Arresting the Competition

Another question relating to the status of democracy in Senegal are the high profile arrests of Karim Wade, son of former president Abdoulaye Wade and senior member in his father’s cabinet, and the former mayor of Dakar and member of parliament (elected to parliament whilst in jail), Khalifa Sall. In April 2013, Macky Sall’s government convicted Karim Wade of embezzling $238 million; and detained in March 2016 for allegedly stealing $2.9 million of government funds, Khalifa Sall remains behind bars as he awaits trial.

Many argue that these arrests are signs that Macky Sall is following through on his vow to fight government corruption, while others raise questions considering both Mayor Sall and Karim Wade were two potentially leading candidates in the 2019 presidential race to unseat the incumbent president. A leading criticism surrounds Macky Sall’s reinstatement of the Court for the Repression of Illicit Enrichment (CREI), which has not existed for over three decades.

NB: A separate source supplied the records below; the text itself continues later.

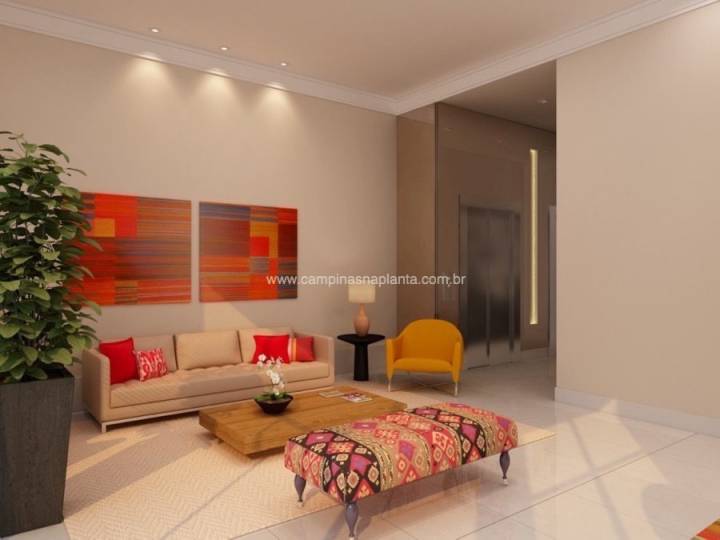 modele-guanabara-hall-social-elevador-1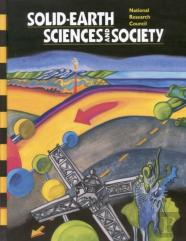 Solid-Earth Sciences And Society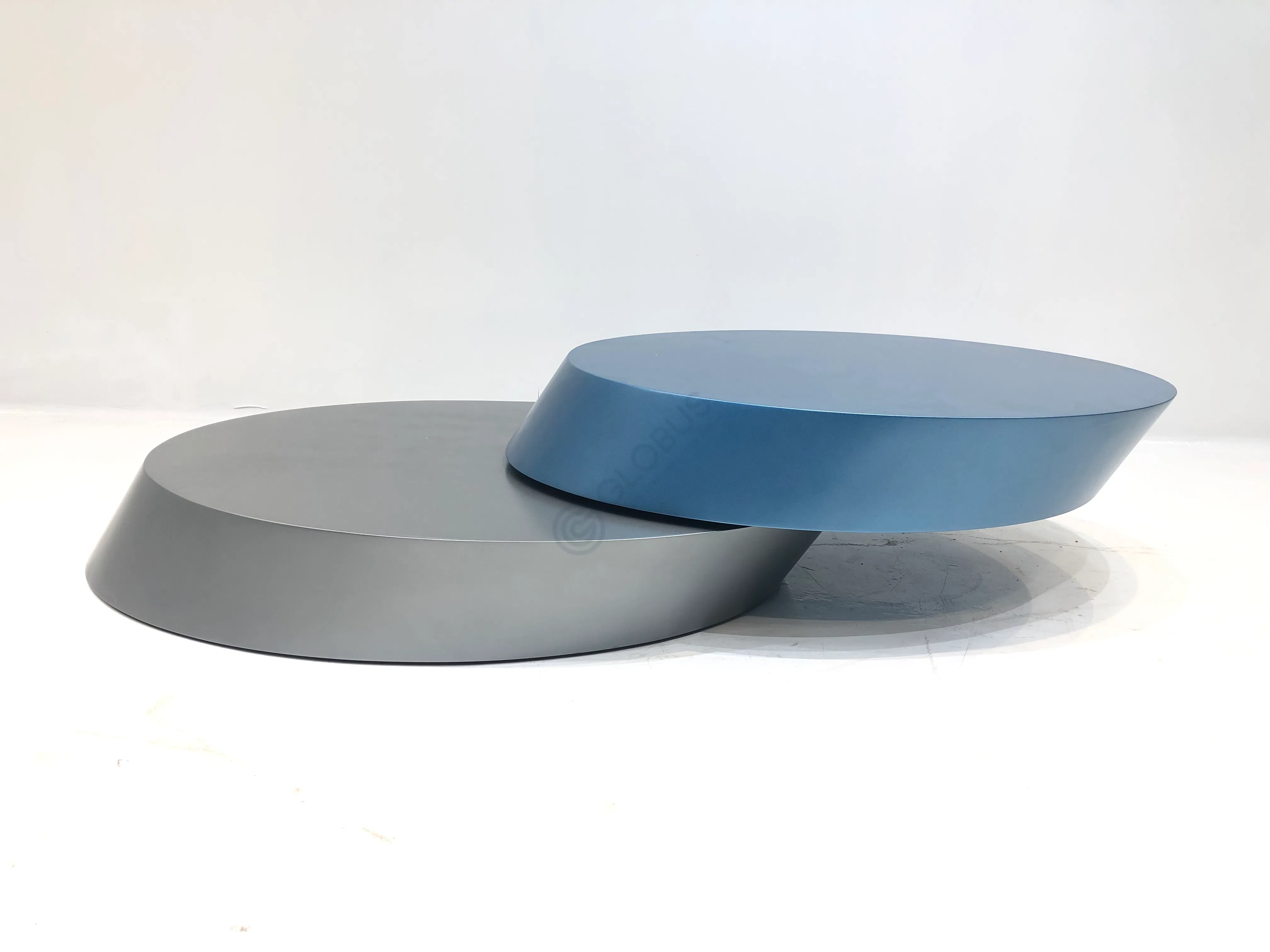 Coffee table VISIONNAIRE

Those against Sall assert that this move is just one way to authoritatively consolidate power by arresting, and in Wade’s case convicting, those who oppose him. The plot thickens when, two days before Karim Wade’s conviction on embezzlement charges, he was chosen as the candidate of the main opposition party for the 2019 election. Facing harsh criticism from United Nations Working Group of Arbitrary Detention and Senegal’s League of Human Rights on the legitimacy of the arrest, after serving three years of a six year sentence, President Macky Sall pardoned Karim Wade but did not forgive the $230 million fine that has yet to be paid. After being released, Wade fled to Qatar where he remains, with no chance to run for president.

Meanwhile, Khalifa Sall’s arrest and continuing detention, while he awaits trial on embezzlement changes raises similar questions surrounding the legitimacy of the case against him and around Macky Sall’s administration’s motives behind the arrest. Is it a coincidence that Khalifa Sall, a potential presidential candidate, is still in detention and awaiting trial? I do not think it is. The lawyers of the detained Sall have made numerous appeals for his release so that he may campaign for president while awaiting trial. They have only been met with avoidance and stagnation by the judiciary, thus preventing him from running an active campaign for president.

Maintaining the theme of consolidating power, like executive aggrandizement, Bermeo explains that the manipulation of elections, by keeping opponents from running as President Sall’s administration is doing, is another form of democratic backsliding (Bermeo, 13). While the Sall administration claims that the charges of fraud are legitimate, and the defendants maintain their innocence, the perspective that really matters is that of the judicial body ruling on the trials — the CREI, a court that Macky Sall reinstated for the exact purpose of trying Karim Wade. Once again, Macky Sall has worked, and continues to work within the parameters of his power and the constitution to manipulate the balance of power and decision-making to benefit his authority and rule. After vowing to fight corruption and promising to be a president uninterested in an authoritative grip on power during his campaign, Sall supports can make a superficial argument that he has followed through on his promises. However below the surface, Sall has made calculated strategic plays to consolidate power.